I was struck by that, because for many I talk to and in my experience, so much revolves around the ‘now’. I suppose these are our version of what Jesus calls ‘cares’, ‘lures’ and ‘desires’ of the moment (Mk. 4:19)—although our ‘now’ always self-evidently seems much harder than anyone else’s, even maybe including the ‘now’ of Jesus’ time.
I was also struck last year by the sheer weight of instability and change. Our national politics was in constant flux. The global order felt like nothing we have ever seen before. Church life is pressured by social change and public scrutiny like never before. No workplace seems able to catch its breath in the middle of all the comparison, competition and compliance that fills our days. Our domestic lives flip-flop between safe-haven and bewildering muddle. Therefore added to the ‘now’ is anxiety about ‘what next’, tinged with sadness about the good things or people or conditions that are no longer with us. Those are conditions under which we find it hard to notice, give thanks and feel joy for any good things in the ‘now’.
Haughton’s view, however, is that it is the passionate love of God that has put us each into flux and change, and which powers that flux and change. We know this to be so, she reasons, because of Jesus’ Incarnation and Resurrection: the Flesh-taking of Jesus, the determination of God somehow to become and to remain Jesus.
People, she reckons, don’t mind a God who is ‘numinous’, ‘pervasive’, ‘glorious, benevolent and (if sometimes explicable), comforting’. We also quite like a Jesus who was ‘heroic, gentle, “whole”, healing, poor and persecuted’. But what we cannot take, actually, is a God ‘so passionate he has to be Jesus, a Jesus so passionate that he has to be God’ (p. 7).
This determination of God to take ‘flesh’ ensures, beyond all doubt, that God’s love extends to our experiences of the now as it unfolds to the next. God remains intimately in-touch with that, and behind it and within it and under it and over it and through it. Jesus made and makes it so for God. (I am in turn reminded that Jesus knew all about the fear that talk of war and revolution brings, Lk 21:9).

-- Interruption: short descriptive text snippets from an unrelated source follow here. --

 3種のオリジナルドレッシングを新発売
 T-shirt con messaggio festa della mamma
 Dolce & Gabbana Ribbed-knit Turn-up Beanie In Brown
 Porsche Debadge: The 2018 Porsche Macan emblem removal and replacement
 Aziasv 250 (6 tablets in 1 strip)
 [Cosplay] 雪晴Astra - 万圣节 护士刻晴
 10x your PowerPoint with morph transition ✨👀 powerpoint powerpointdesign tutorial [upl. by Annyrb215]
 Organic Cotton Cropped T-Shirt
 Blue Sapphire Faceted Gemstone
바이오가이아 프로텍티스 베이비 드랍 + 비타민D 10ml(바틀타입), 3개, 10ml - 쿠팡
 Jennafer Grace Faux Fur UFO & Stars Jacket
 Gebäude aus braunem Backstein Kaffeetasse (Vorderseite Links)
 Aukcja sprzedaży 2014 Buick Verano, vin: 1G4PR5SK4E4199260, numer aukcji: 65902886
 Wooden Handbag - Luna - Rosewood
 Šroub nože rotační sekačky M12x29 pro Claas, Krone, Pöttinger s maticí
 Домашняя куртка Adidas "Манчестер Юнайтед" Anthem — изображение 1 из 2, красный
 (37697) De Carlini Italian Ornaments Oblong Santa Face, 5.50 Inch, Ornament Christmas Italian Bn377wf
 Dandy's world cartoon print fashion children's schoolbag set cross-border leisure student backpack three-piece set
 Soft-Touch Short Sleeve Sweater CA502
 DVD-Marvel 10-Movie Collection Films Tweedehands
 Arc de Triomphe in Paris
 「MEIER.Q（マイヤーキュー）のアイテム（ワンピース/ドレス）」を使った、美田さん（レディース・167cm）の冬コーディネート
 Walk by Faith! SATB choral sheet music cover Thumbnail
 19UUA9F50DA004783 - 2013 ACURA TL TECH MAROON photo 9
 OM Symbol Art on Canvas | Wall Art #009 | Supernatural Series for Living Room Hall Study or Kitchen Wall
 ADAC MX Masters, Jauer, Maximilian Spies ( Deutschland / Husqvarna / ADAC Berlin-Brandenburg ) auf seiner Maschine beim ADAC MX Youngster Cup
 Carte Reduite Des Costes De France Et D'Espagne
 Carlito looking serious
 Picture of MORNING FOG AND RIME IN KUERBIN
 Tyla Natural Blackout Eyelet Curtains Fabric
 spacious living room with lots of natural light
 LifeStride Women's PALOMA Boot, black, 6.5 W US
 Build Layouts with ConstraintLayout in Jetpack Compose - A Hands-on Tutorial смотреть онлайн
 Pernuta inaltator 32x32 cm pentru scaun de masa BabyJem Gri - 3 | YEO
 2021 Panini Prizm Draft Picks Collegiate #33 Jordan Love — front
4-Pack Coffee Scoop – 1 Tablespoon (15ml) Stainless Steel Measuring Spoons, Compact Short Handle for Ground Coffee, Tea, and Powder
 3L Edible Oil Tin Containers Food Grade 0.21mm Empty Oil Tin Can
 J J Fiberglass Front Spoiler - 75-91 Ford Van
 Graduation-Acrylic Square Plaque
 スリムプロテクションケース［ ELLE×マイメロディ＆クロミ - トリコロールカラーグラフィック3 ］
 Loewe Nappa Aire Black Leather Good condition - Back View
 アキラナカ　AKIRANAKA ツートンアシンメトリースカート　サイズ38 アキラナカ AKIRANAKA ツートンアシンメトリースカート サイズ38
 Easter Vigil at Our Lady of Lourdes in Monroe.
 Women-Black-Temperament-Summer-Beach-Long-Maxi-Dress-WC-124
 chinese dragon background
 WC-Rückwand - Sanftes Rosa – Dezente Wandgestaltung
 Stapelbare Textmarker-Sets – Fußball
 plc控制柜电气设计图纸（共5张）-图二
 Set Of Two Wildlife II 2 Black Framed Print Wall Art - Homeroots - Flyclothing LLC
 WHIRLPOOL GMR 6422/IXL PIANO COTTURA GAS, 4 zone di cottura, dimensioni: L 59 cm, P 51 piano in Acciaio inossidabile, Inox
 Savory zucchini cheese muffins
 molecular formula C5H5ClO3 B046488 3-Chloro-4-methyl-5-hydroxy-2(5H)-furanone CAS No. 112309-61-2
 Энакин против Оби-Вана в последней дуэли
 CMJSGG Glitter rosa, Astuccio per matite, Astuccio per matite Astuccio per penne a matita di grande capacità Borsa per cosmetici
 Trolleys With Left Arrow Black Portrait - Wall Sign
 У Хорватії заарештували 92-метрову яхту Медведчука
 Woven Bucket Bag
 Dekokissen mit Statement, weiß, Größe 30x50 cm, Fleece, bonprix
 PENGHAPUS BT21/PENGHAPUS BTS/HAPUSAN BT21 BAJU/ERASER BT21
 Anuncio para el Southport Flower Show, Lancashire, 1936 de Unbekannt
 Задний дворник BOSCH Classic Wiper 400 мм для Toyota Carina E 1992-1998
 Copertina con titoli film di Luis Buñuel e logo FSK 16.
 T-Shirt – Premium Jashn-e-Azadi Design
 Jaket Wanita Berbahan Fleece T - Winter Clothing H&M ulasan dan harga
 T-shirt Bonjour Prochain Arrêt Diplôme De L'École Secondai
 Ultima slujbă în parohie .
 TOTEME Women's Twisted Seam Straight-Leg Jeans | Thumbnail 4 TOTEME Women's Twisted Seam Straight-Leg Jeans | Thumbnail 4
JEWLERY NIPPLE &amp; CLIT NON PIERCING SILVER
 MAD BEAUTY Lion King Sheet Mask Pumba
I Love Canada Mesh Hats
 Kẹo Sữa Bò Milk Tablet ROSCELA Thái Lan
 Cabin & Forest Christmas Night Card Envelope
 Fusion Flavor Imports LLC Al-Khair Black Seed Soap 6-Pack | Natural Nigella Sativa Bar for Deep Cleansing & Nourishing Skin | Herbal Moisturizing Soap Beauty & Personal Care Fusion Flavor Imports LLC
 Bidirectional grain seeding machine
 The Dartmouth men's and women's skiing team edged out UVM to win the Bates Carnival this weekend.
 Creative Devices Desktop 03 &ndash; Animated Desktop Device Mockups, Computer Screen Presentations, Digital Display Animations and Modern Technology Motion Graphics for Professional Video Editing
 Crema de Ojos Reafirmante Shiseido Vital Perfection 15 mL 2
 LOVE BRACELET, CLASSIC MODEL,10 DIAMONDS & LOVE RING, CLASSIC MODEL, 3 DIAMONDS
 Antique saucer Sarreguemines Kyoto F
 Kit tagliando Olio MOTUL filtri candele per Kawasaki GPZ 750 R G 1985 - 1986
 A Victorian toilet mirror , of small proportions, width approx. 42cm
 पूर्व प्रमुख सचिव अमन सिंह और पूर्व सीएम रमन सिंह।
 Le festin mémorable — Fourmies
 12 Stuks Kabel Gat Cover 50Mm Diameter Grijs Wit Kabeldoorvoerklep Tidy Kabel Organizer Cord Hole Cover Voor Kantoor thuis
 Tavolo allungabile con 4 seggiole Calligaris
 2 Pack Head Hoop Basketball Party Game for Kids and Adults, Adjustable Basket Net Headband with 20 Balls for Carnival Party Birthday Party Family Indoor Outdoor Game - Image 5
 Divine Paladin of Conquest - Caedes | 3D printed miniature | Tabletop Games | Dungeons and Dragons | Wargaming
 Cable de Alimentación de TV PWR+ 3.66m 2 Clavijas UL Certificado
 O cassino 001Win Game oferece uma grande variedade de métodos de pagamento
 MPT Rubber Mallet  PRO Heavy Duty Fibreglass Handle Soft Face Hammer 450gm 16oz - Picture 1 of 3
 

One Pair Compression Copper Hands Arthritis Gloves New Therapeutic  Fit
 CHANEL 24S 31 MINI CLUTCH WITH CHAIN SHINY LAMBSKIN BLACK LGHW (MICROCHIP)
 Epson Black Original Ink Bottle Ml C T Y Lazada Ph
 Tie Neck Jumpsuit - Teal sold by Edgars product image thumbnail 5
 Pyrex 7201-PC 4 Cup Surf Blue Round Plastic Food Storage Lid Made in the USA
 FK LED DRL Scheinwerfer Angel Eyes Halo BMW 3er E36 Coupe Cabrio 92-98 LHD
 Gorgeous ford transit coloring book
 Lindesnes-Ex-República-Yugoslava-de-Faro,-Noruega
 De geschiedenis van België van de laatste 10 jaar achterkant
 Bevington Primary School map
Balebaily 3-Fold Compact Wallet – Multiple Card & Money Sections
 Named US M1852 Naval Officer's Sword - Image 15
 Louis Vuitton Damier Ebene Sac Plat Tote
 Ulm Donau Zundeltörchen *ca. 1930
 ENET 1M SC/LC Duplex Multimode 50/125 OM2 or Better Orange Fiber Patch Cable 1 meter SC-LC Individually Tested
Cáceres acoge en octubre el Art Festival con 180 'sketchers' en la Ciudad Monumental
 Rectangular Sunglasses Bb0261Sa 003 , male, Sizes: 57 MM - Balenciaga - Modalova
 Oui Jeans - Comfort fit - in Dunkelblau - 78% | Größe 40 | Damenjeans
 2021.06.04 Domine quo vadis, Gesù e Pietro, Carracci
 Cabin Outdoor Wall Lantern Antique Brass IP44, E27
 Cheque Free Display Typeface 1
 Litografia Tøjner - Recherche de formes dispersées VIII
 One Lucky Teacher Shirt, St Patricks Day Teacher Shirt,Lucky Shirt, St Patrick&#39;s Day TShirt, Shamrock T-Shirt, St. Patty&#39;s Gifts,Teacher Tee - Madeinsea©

For Haughton, it follows that wisdom ‘is a human gift and a name of God.’ Stay with me: ‘In Scripture Wisdom is “she”, and she sets her table in public and summons one and all.’ She ‘is an invitation to experience Heaven and Hell, life and death, to know them in the facts of nuclear power and food co-ops and police methods, or attitudes to babies and the poor and the handicapped and what we put in the soil. … Wisdom is simply the apprehension of God in human experience through its whole extent. That is Christian theology, for Christianity is the revelation of Wisdom in one historical yet eternal point, physical and spiritual and personal and cosmic … that the revelation of God in Christ is what life is all about’ (pp. 4–5).
So as it happens, I am pretty optimistic about 2018 at St Mark’s. The cares of each day remain messy, and talk about the future always beckons us to anxiety. But, we get to study Wisdom. We get to know the Flesh-taking God, who knows us in Christ, through whom we can gradually become assured definitely loves us within—and maybe even by using—‘the changes and chances of this fleeting world’.